Tak ma wyglądać nowa rakieta NASA (Zdjęcie (C) NASA) |
Kilka nowości na dziś:
- O 10 rano NASA ogłosi oficjalnie plany nowej rakiety SLS. Nie należy się spodziewać żadnych niespodzianek – mój post sprzed kilku tygodni opisuje mniej-więcej to co zostanie dziś ogłoszone. Czyli zmodyfikowany (dość poważnie – zarówno strukturalnie by wytrzymał ciąg od spodu jak i technologicznie – nowe technologie spawania itp.) zbiornik od promu, silniki od promu (początkowo dosłownie, a potem nowa wersja – tańsza w produkcji), rakiety boczne początkowo te od promu (na paliwo stałe, ale w wersji pięciosegmentowej) a w przyszłości na paliwo ciekłe. Drugi stopień napędzany nowym silnikiem J2-X. Na szczycie kapsuła MPCV/Orion i najprawdopodobniej przedział ładunkowy oparty o europejski ATV.

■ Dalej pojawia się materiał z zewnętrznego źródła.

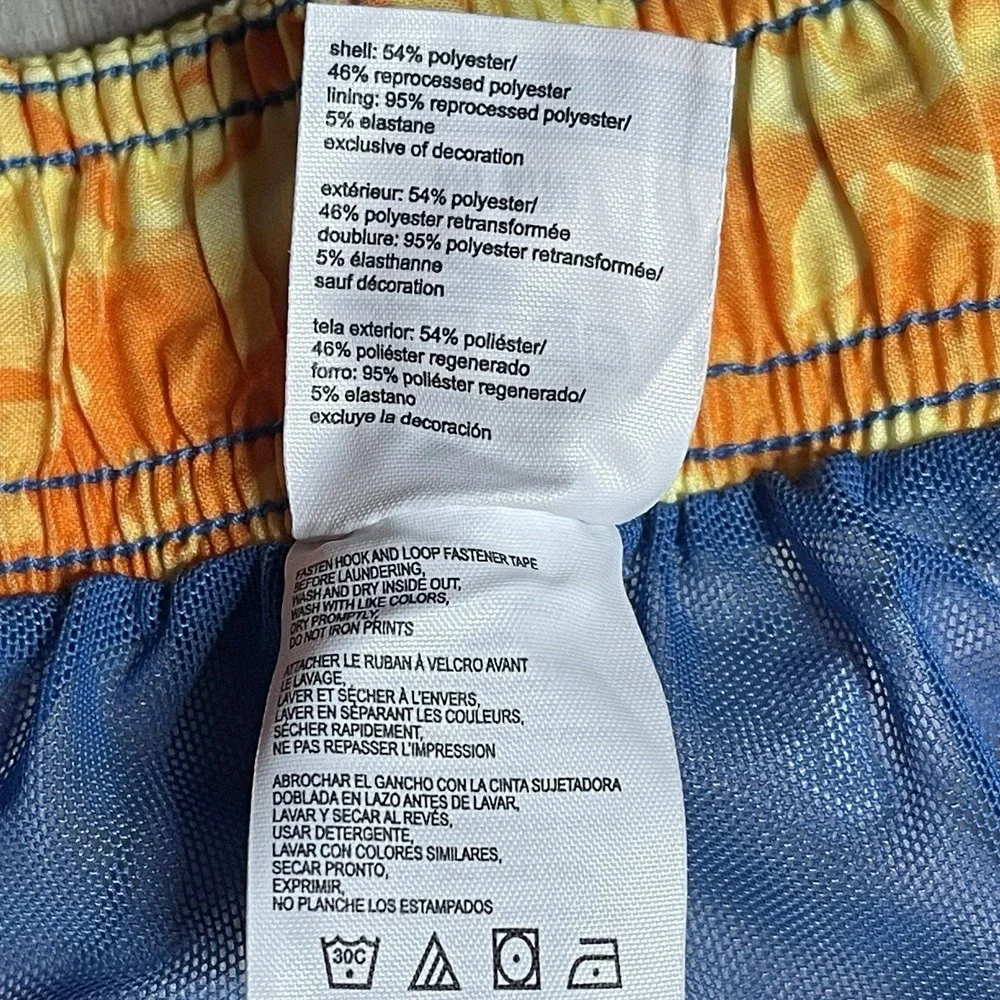 Speedo Swim trunks Size Medium 4-Way‎ Comfort Stretch UPF 50+ Z-353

- Rosjanie oficjalnie poinformowali że za awarię i katastrofę Progressa M-12M w sierpniu tego roku odpowiada błąd produkcyjny – generator gazów zassał jakiś syf ze zbiornika co spowodowało ograniczenie dopływu paliwa i w konsekwencji awarię. Wszystkie obecnie wyprodukowane silniki są poddawane przeglądowi w celu zabezpieczenia się przed podobną awarią. A przy okazji okazuje się że w rosyjskim przemyśle kosmicznym panuje bałagan, łapówkarstwo i złodziejstwo. Inspektorzy szacują że 20% wszystkich funduszy jest rozkradanych. Rosja planuje start następnego Progressa M-13M na 30 października a start Soyuza z następną załogą ISS na 12 listopada tego roku.

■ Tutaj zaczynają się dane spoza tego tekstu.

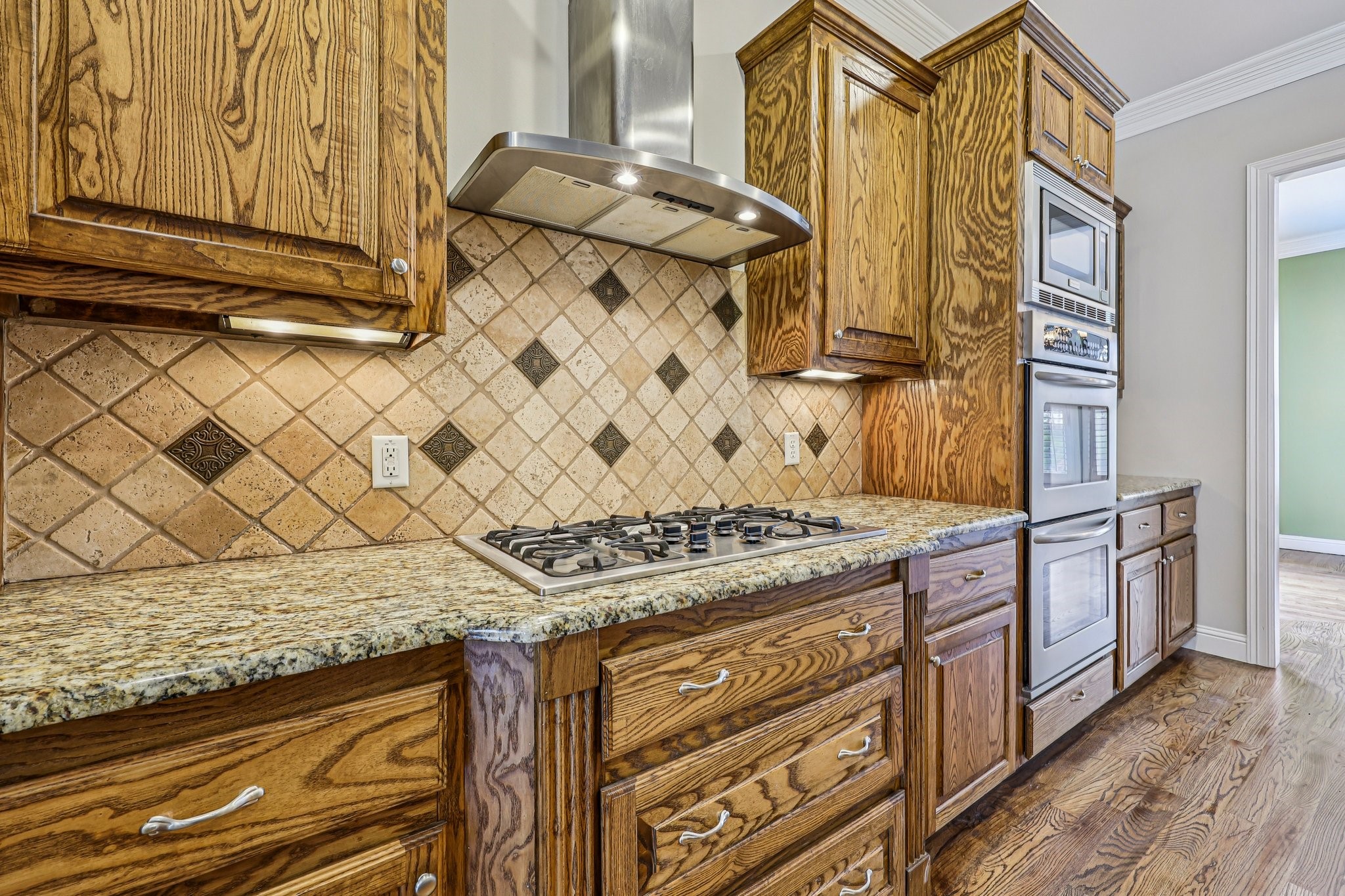 711 Ridgeview Drive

- Awaria silnika SpaceX o której pisałem okazuje się najprawdopodobniej wielkim niczym – wg. różnych źródeł nie była to wcale awaria, ale drobny problem z algorytmem wyłączającym silnik – odcięcie dopływu paliwa odbyło się na kilka milisekund wcześniej niż odcięcie dopływu utleniacza co spowodowało nadmierny wzrost temperatury. Ale nie doszło do żadnych eksplozji czy przedwczesnego wyłączenia silnika. SpaceX musi poprawić ten problem jeżeli rzeczywiście planuje wielokrotne wykorzystywanie pierwszego stopnia rakiety Falcon 9. Odzysk pierwszego stopnia to w tym momencie największy problem SpaceX – z jednej strony ich plan biznesowy wymaga tego (inaczej nie będą w stanie utrzymać obiecanych cen), z drugiej strony SpaceX ma poważne problemy z osiągnięciem tego celu z uwagi na kłopoty z trajektorią pierwszego stopnia – jego wejście w atmosferę następuje z prędkością i pod kątem które uniemożliwiają odzysk.